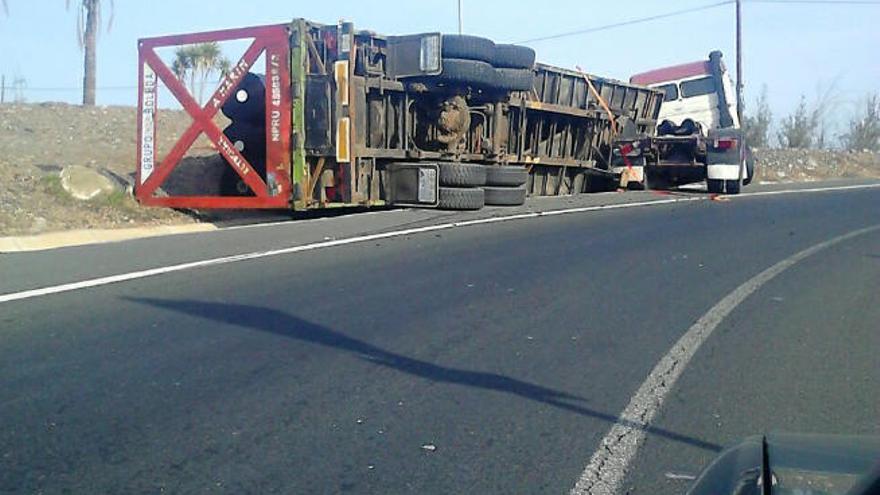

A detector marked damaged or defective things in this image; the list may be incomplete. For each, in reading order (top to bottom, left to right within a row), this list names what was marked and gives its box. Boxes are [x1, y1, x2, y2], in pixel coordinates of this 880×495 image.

overturned truck [136, 19, 660, 211]
damaged trailer frame [134, 18, 664, 209]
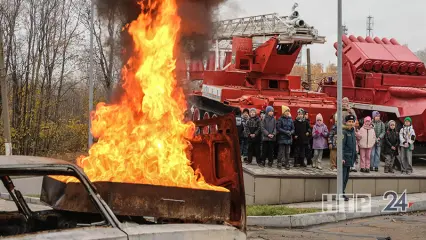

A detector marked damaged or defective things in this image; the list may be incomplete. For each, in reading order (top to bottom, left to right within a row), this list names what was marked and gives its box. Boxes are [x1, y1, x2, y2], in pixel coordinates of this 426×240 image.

burnt car body [0, 113, 246, 239]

BRIEF: The line with "this 426×240 image." and every line after it up to the end of the entries: output those exactly, and only those.

COMPLETED TASK:
A detector marked damaged or defective things in this image; the list may be incomplete. For each, in reading order (top to bottom, left to right within a row), this list names what was marked and gives its box. Boxes are [x1, y1, x2, y2], in pixel coordinates of this 426×240 image.

burnt car body [0, 113, 246, 239]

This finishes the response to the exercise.